- **Data to process**:

------------------------------------------------------------------------

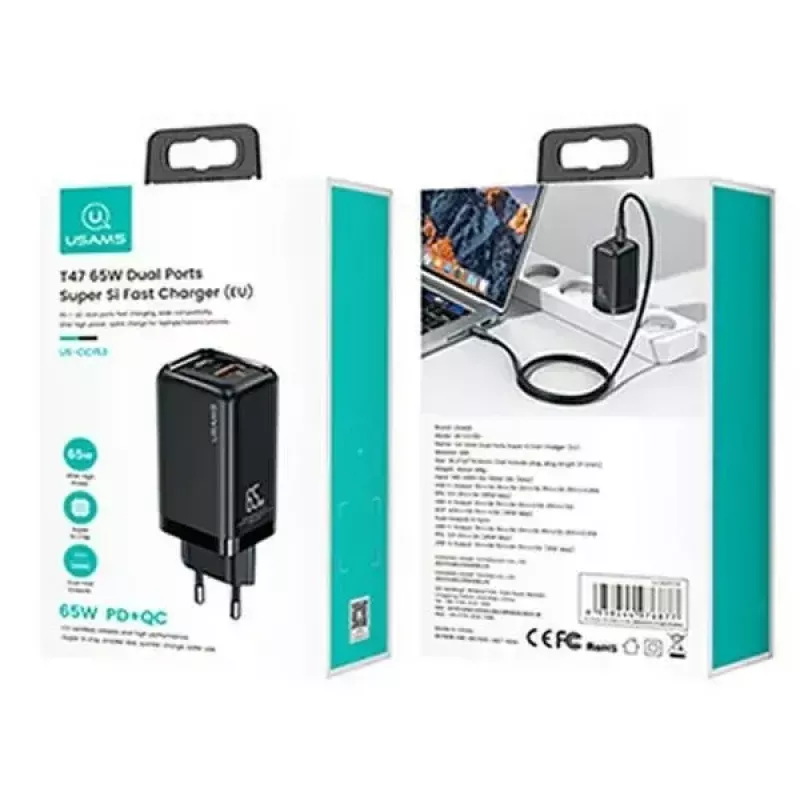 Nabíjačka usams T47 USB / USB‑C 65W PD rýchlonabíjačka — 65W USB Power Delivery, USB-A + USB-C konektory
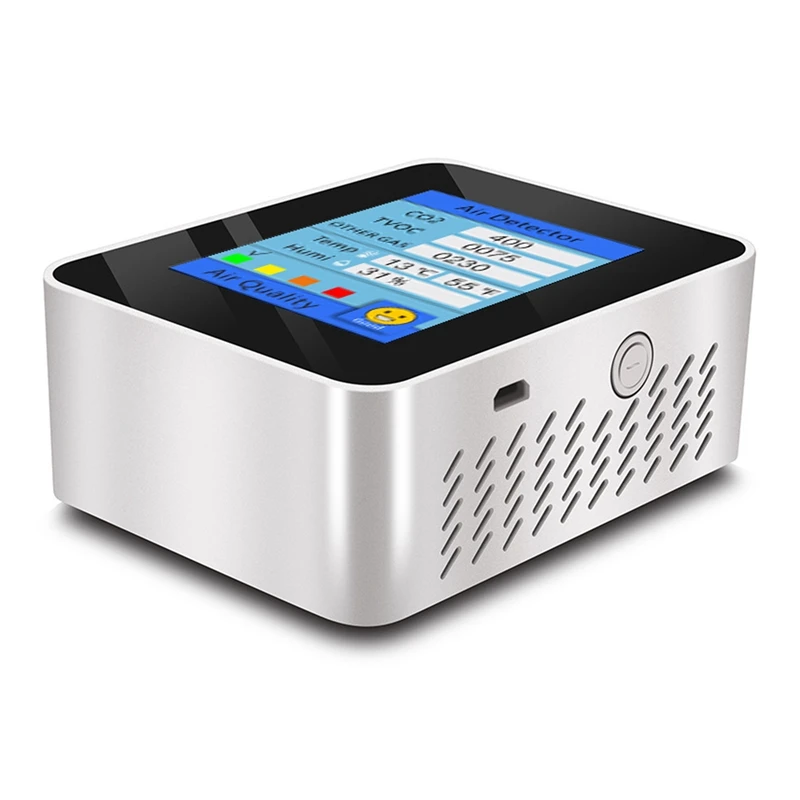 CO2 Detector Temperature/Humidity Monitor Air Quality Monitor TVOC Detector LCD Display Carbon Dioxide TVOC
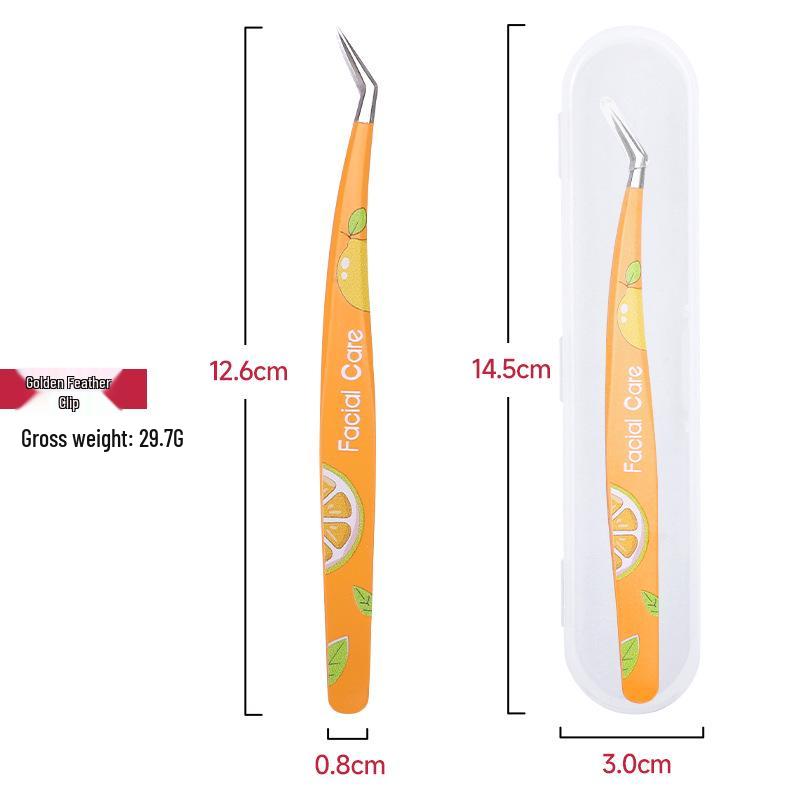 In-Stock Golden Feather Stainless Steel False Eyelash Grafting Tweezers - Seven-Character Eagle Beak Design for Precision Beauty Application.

------------------------------------------------------------------------

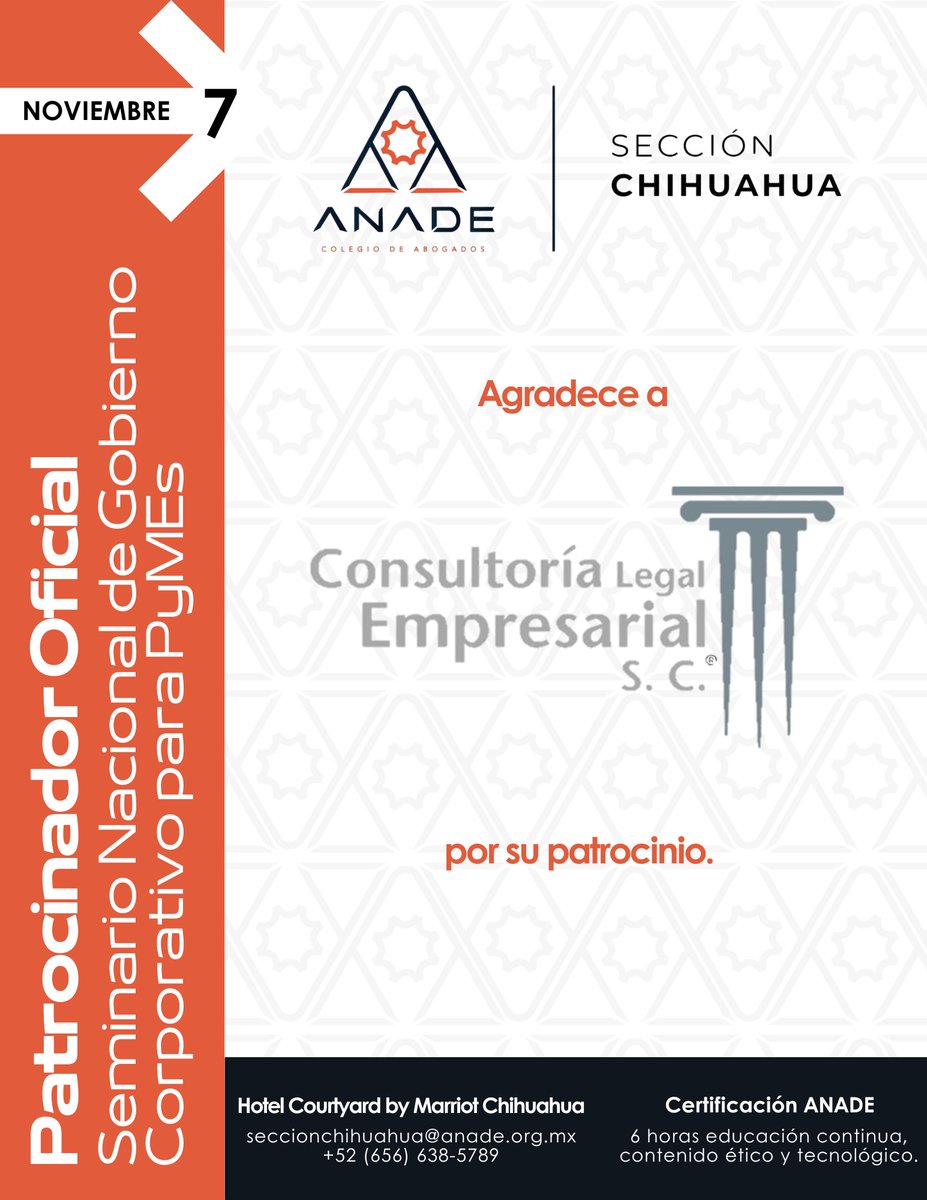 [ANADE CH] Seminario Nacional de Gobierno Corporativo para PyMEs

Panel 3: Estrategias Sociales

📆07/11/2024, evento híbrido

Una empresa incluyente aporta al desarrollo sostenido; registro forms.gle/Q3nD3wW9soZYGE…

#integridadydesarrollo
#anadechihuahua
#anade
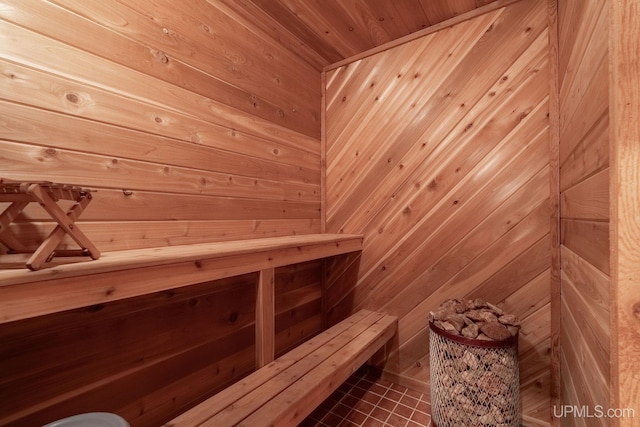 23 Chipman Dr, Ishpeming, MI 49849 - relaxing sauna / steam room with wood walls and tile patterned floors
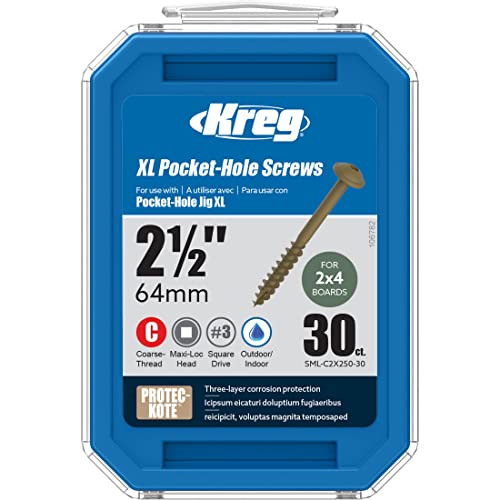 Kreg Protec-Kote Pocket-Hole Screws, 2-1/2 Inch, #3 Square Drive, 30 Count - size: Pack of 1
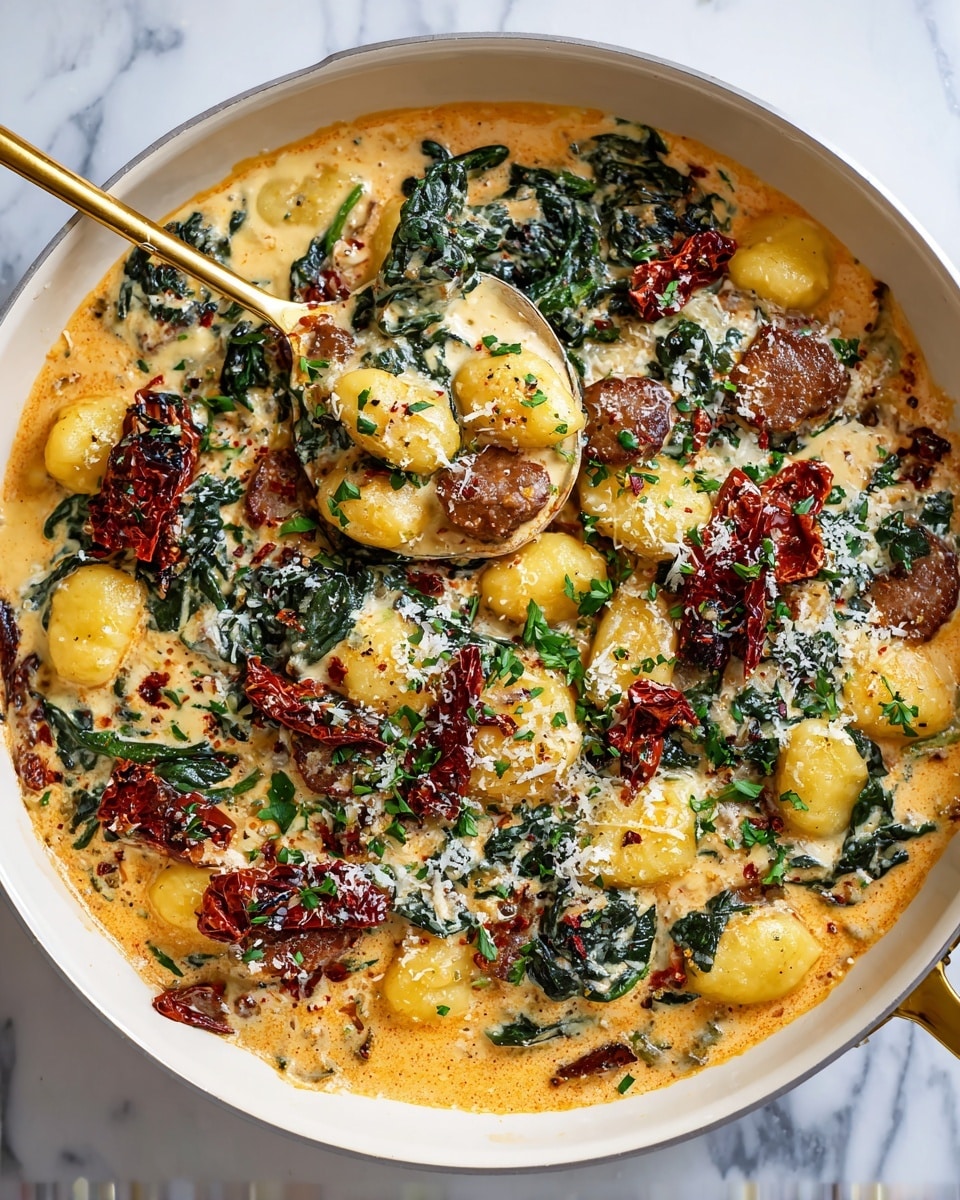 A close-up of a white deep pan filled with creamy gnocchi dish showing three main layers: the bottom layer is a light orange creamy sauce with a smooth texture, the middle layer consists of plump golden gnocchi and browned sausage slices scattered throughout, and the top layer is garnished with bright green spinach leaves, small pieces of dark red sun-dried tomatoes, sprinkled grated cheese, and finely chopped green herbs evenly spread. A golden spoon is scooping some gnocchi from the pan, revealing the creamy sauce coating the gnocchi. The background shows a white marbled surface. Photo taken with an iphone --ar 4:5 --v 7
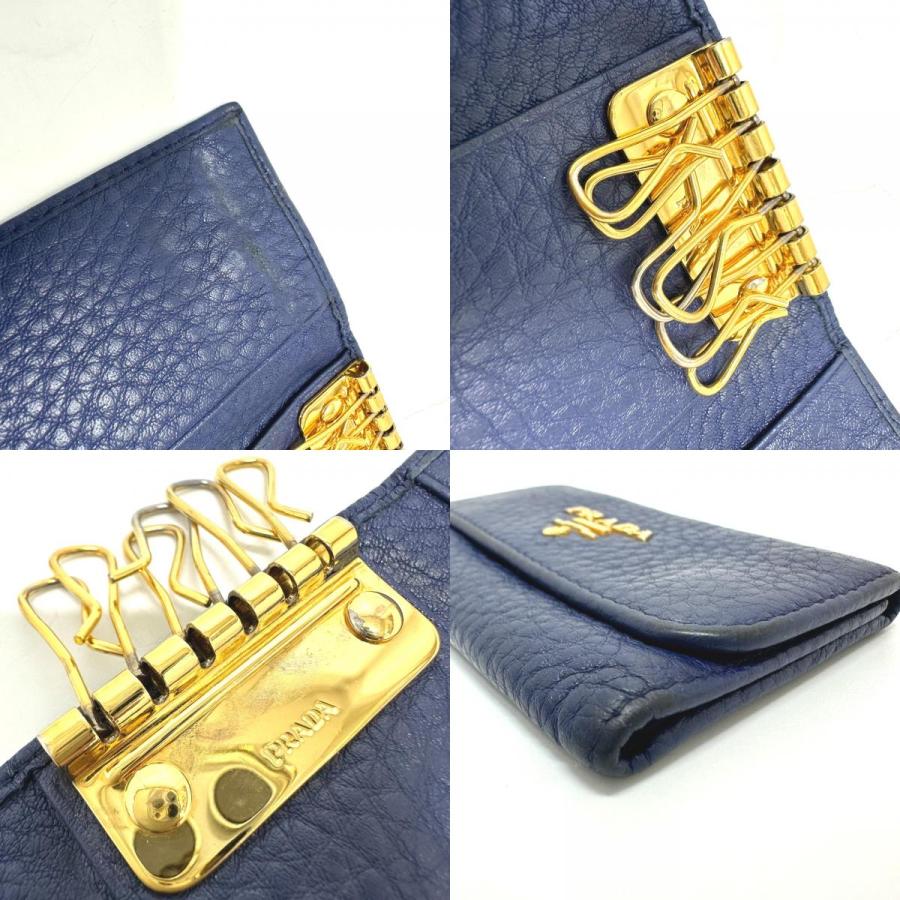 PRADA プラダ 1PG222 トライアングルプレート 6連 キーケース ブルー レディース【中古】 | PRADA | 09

------------------------------------------------------------------------

- **Exercise goal**: Without the pictures, set down the lines above from the line with "Nabíjačka usams T47" up to and including the line with "CO2 Detector Temperature/Humidity" exactly as they stand.

- **Result below**:
 Nabíjačka usams T47 USB / USB‑C 65W PD rýchlonabíjačka — 65W USB Power Delivery, USB-A + USB-C konektory
 CO2 Detector Temperature/Humidity Monitor Air Quality Monitor TVOC Detector LCD Display Carbon Dioxide TVOC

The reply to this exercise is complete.